2016 Annual Report
Financial Year 2016 has been a year of change for ACOLA. Along with substantive completion of the Securing Australia’s Future (SAF) program, ACOLA began to turn in a new strategic direction.
Ms Anna-Maria Arabia, Chair, Board of Directors
ACOLA Secretariat Limited
ACOLA STRATEGIC STATEMENT
Australia’s four Learned Academies are independent organisations made up of the Nation’s leading experts in the major fields of relevant enquiry. More than 2000 of the nation’s most eminent scientists, researchers, scholars and practitioners contribute to this rich source of expert knowledge.
ACOLA provides the forum for the four Learned Academies to work cooperatively to develop cutting-edge thinking and integrated problem solving. ACOLA’s purpose is to harness expert knowledge from multiple disciplinary perspectives, to inform national policy and to develop innovative solutions to complex global problems and emerging national needs.
Chair’s Report
Throughout the year, ACOLA delivered seven major interdisciplinary research projects under the SAF program. A busy end to the period also saw near finalisation of an additional two reports for launch and dissemination in the near future.

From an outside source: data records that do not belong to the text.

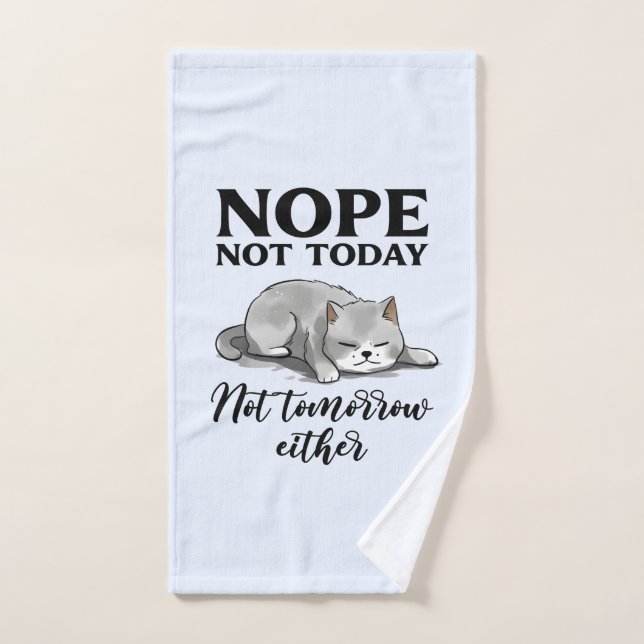 Not Today, Not Tomorrow – Sleepy Cat Bath Towel Set (Hand Towel)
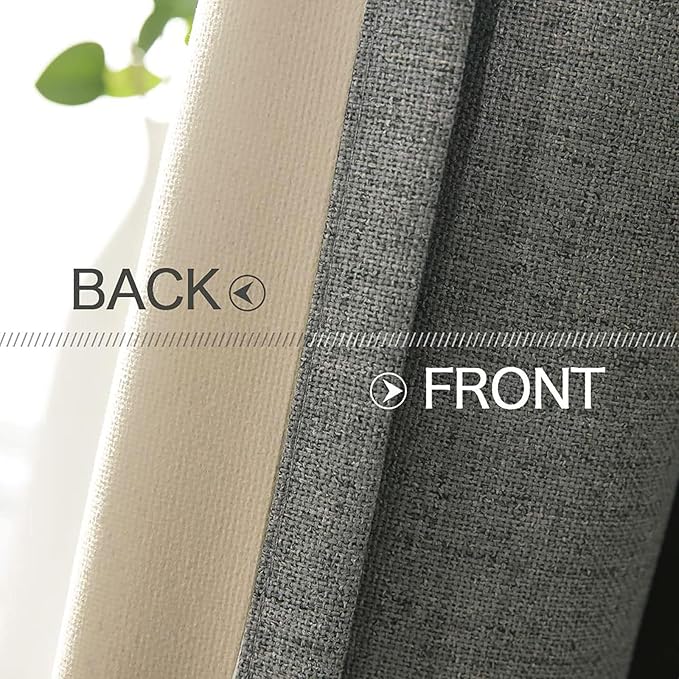 MIULEE Linen Blackout Curtains and Drapes 100% Room Darken Thermal Insulated Grommet Window Panels with Coating 2 PCs W 42 x L 84 inches Dark Grey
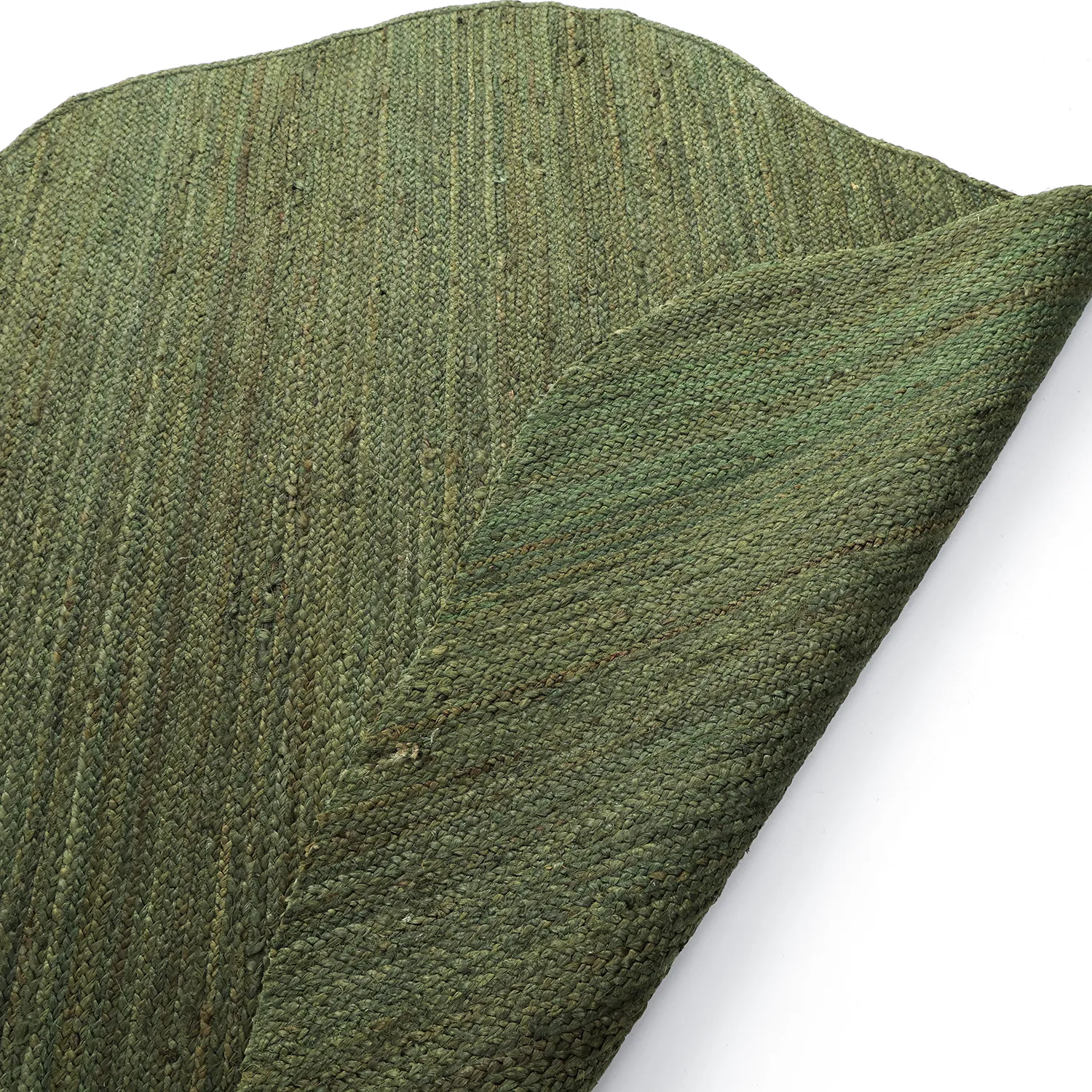 Irregular round jute rug - San Francisco (army green)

An important additional component of ACOLA’s completion of the SAF program included an overall SAF program review. There were several components to this project, of which one included an external review by Dr Richard Bissell, Executive Director of Public Policy and Global Affairs at the US National Academies in Washington DC. Amongst other findings about ACOLA’s delivery of the SAF program, Dr Bissell’s review appropriately concluded:
“A fundamental tenet …is the interdisciplinary nature of the enterprise. The ability to mobilize first-rate expertise across the science, engineering, social science and humanities communities is quite extraordinary. Indeed, there is no comparable effort outside Australia that has been able to sustain such an integrated structure beyond a one-off study …In that sense, the work of the SAF is not only a unique asset in Australia; it is also a model that academies abroad should watch closely to see whether it can be institutionalized”.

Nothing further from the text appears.